The prompt book, also called transcript, the bible or sometimes simply the book, is the copy of a production script that contains the information necessary to create a theatrical production from the ground up. It is a compilation of all blocking, business, light, speech and sound cues, lists of properties, drawings of the set, contact information for the cast and crew, and any other relevant information that might be necessary to help the production run smoothly.

In modern theatrical productions, the prompt book is generally maintained and kept by the stage manager, with differences in the specific construction and organization to suit the style of the stage manager keeping the book, and the type of production (legitimate theatre, musical theatre, dance, opera, etc.).

==Description and use==

Modern prompt books will tend to be constructed using binders with multiple tab dividers, with the page of the production attached to a larger sheet of paper to provide more margin space for taking notes. Markings to the script (for cues, notes, etc.) are typically done in pencil, and either in the margins or on the blank side of the back of the opposing page.

In situations where there are multiple stage managers or assistants, it is not uncommon for many copies of the prompt book to exist. Generally a lead stage manager will keep the master book, which is then copied by assistants on a nightly basis to account for any new information inserted during rehearsals, productions, and meetings. While all prompt books will contain some of the same basic information (script, cast list, contact information, set drawings, etc.), there is no official standard, and individual stage managers will determine the best way of keeping books for themselves and the productions they manage. While Actors' Equity Association, the union governing professional stage managers in the United States, does not publish any official pragma for a prompt book, such practices are often covered as part of college curricula, and many books exist on the subject.

==History==

Prompt books were originally used by a prompter to much the same effect that they are today used by deputy stage managers. During the period spanning from the mid 17th through the early 19th centuries, rehearsal periods were generally very short by modern standards: a period of 1–2 weeks for three hours a day was common.

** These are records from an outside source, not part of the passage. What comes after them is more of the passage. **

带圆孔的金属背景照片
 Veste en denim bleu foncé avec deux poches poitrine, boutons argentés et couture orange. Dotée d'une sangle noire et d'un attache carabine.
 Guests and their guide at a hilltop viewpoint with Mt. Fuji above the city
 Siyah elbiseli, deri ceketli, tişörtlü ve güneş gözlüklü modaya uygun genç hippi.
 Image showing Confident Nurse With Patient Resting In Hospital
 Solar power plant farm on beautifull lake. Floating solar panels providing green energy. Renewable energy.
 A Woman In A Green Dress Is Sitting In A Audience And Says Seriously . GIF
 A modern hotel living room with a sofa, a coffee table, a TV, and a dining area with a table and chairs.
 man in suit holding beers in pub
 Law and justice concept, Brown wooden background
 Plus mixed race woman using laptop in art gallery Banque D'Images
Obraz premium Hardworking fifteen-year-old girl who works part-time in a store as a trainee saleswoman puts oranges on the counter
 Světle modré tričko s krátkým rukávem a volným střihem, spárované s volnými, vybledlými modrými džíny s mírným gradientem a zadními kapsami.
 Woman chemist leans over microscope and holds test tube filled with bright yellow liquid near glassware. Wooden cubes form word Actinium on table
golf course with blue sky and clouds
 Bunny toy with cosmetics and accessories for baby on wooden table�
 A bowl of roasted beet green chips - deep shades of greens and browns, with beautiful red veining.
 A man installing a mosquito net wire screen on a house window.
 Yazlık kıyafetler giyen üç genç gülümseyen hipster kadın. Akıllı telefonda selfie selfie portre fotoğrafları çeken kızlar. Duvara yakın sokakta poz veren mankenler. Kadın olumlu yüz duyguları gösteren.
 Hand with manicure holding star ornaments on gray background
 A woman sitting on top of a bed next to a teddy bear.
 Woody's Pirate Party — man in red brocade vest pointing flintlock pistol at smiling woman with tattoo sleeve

Performances were likewise unpolished by modern standards, even when taking into account the theatrical conventions of the time, and so it was necessary to have a prompter standing by to assist actors with lines, blocking, and business—all of which the prompter would need to have recorded in their book.

In practice, prompters were also responsible for copying sides of the script for the company's actors, giving cues for music and scene shifts, securing licenses for plays, and assessing fines for actors who failed to attend rehearsals—in keeping with the duties of a modern stage manager. The records that prompters kept in their books are some of the most valuable resources available to modern scholars for understanding historical theatrical practice in the period.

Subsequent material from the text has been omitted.